* **Work instruction**: Only the lines from the first line of the data through the line containing "Monster Shooter American" belong in the answer, transcribed exactly; pictures do not.

* **Input data**:
************

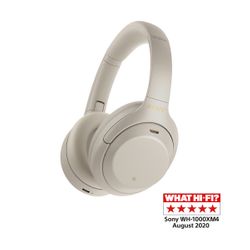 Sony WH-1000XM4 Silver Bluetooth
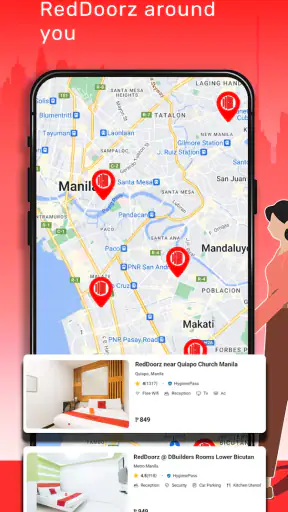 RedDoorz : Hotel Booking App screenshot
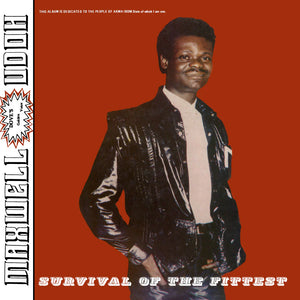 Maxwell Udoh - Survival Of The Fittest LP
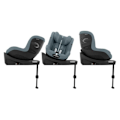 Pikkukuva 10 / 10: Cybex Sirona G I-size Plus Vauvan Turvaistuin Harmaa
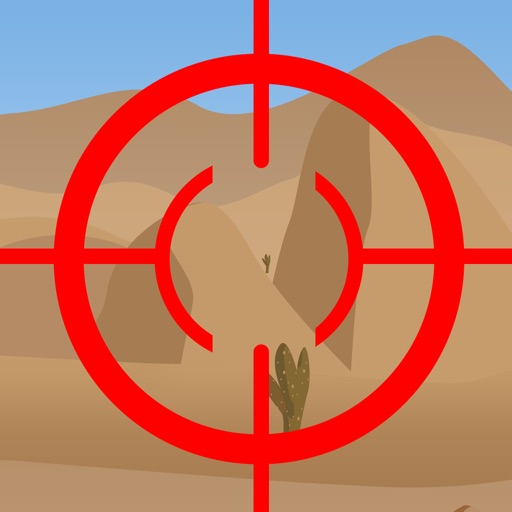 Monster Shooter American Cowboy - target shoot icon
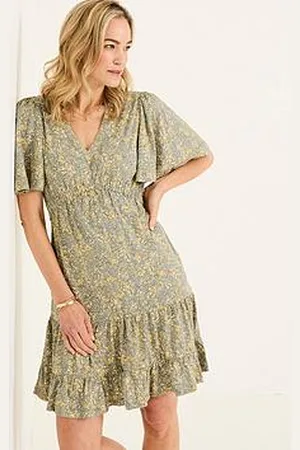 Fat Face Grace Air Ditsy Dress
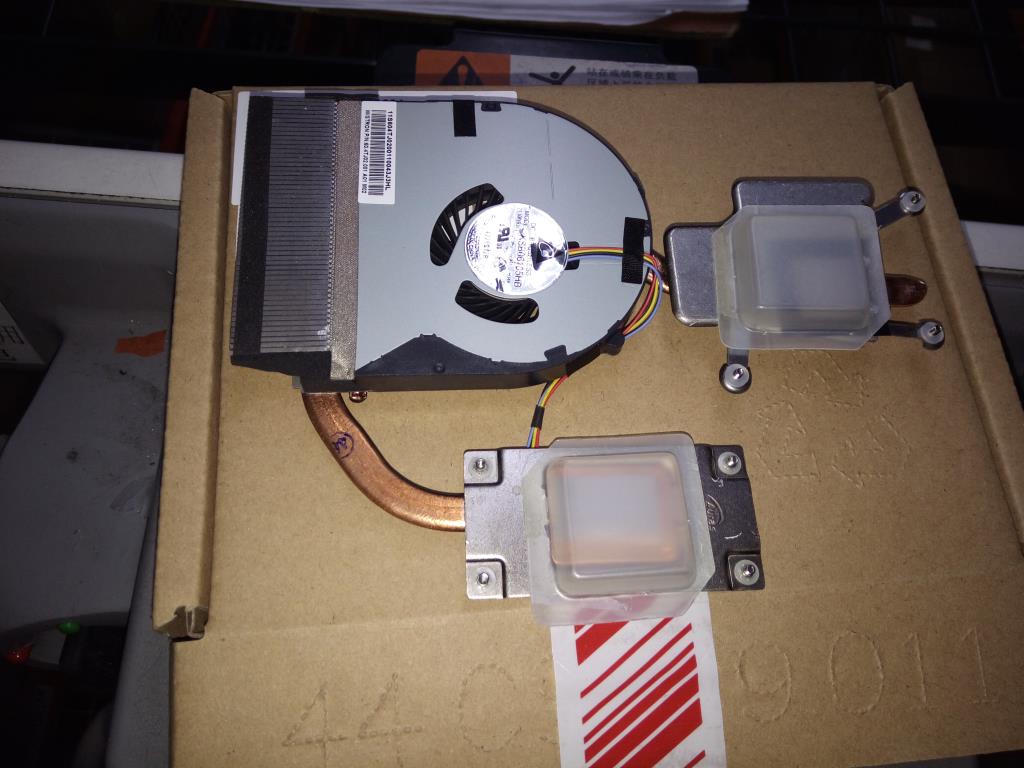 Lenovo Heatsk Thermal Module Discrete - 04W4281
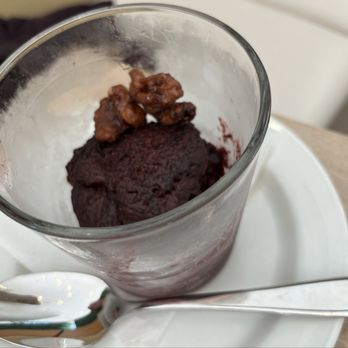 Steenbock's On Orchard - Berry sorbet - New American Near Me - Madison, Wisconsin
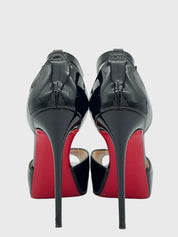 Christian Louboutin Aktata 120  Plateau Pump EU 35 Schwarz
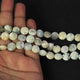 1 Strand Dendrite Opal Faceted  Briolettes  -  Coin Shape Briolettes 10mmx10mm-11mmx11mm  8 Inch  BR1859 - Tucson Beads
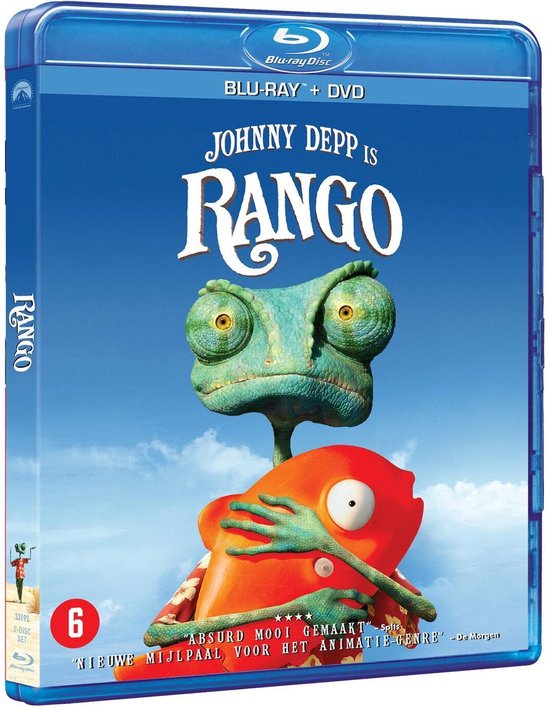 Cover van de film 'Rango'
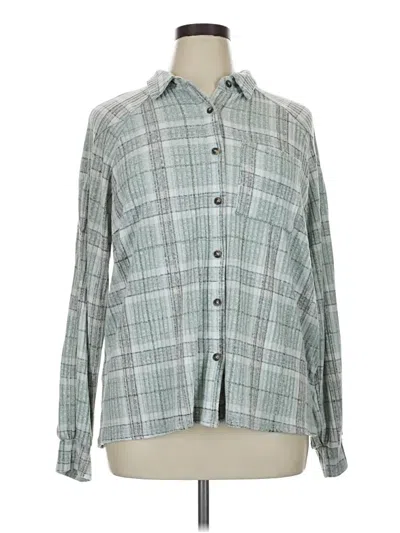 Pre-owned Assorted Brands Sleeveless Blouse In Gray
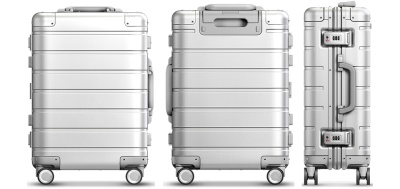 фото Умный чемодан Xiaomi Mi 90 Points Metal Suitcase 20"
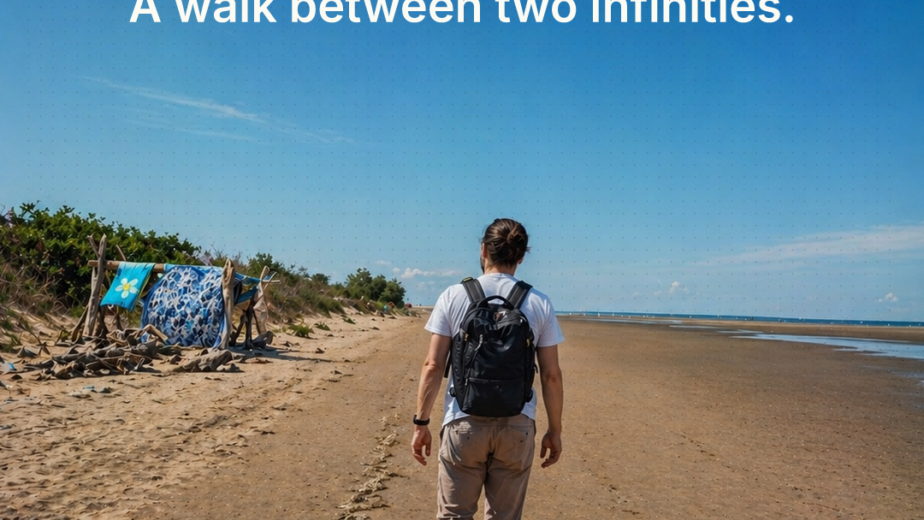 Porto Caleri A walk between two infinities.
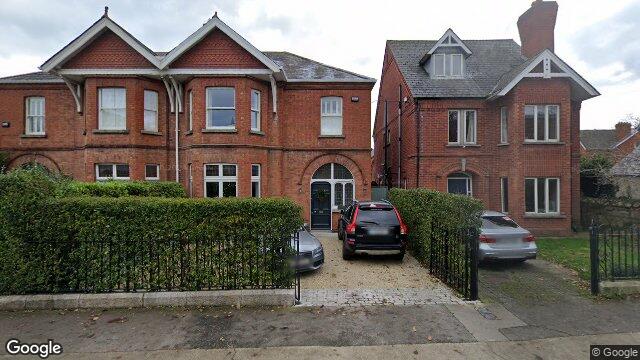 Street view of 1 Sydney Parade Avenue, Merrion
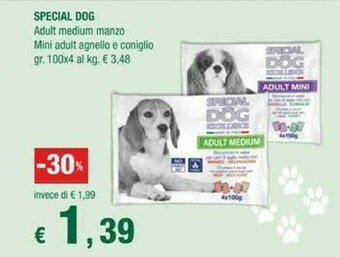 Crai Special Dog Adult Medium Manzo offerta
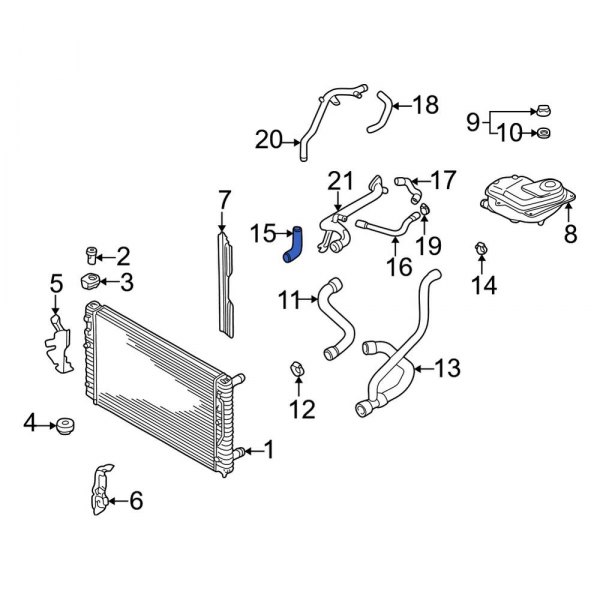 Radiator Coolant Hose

************

* **Output for this exercise**:
 Sony WH-1000XM4 Silver Bluetooth
 RedDoorz : Hotel Booking App screenshot
 Maxwell Udoh - Survival Of The Fittest LP
 Pikkukuva 10 / 10: Cybex Sirona G I-size Plus Vauvan Turvaistuin Harmaa
 Monster Shooter American Cowboy - target shoot icon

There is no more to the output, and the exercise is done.